[Records for the exercise]

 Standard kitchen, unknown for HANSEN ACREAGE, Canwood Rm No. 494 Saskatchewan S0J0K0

[/Records for the exercise]
[Records for the exercise]

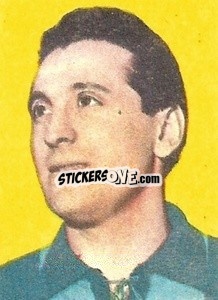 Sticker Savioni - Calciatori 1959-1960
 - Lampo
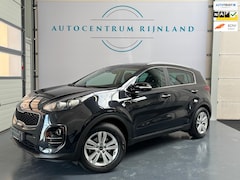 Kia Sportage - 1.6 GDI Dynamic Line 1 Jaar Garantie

[/Records for the exercise]
[Records for the exercise]

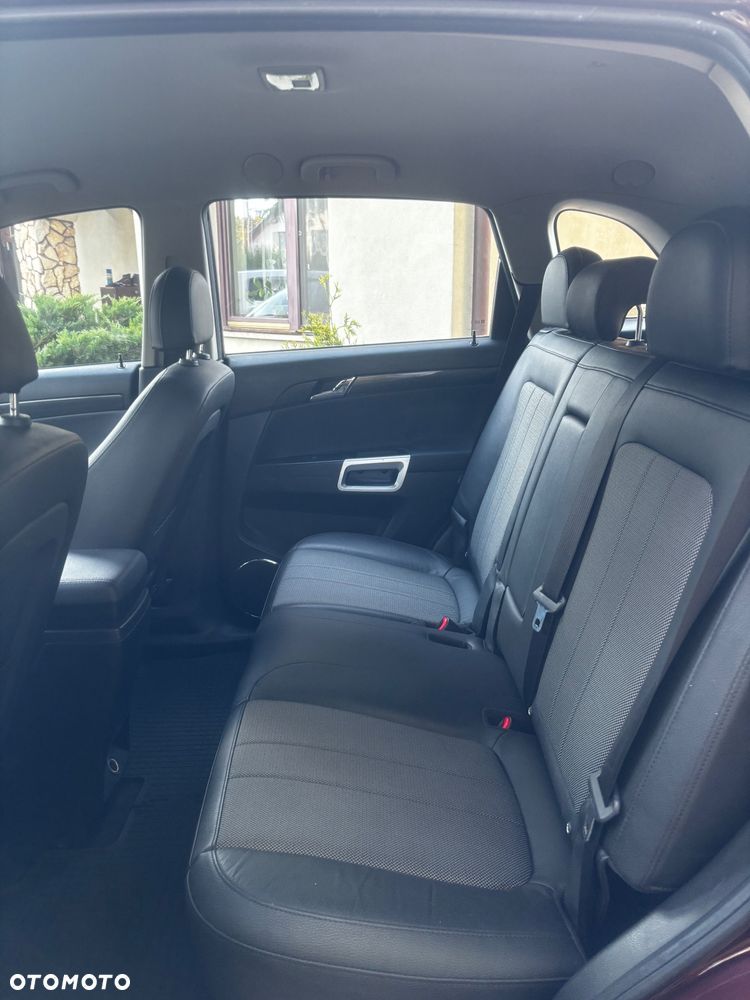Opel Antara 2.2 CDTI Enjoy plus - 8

[/Records for the exercise]

What you return from the records above should be exactly everything from the line with "Sticker Savioni - Calciatori 1959-1960" down to the line with "Kia Sportage - 1.6", both kept, and no pictures.

 Sticker Savioni - Calciatori 1959-1960
 - Lampo
 Kia Sportage - 1.6 GDI Dynamic Line 1 Jaar Garantie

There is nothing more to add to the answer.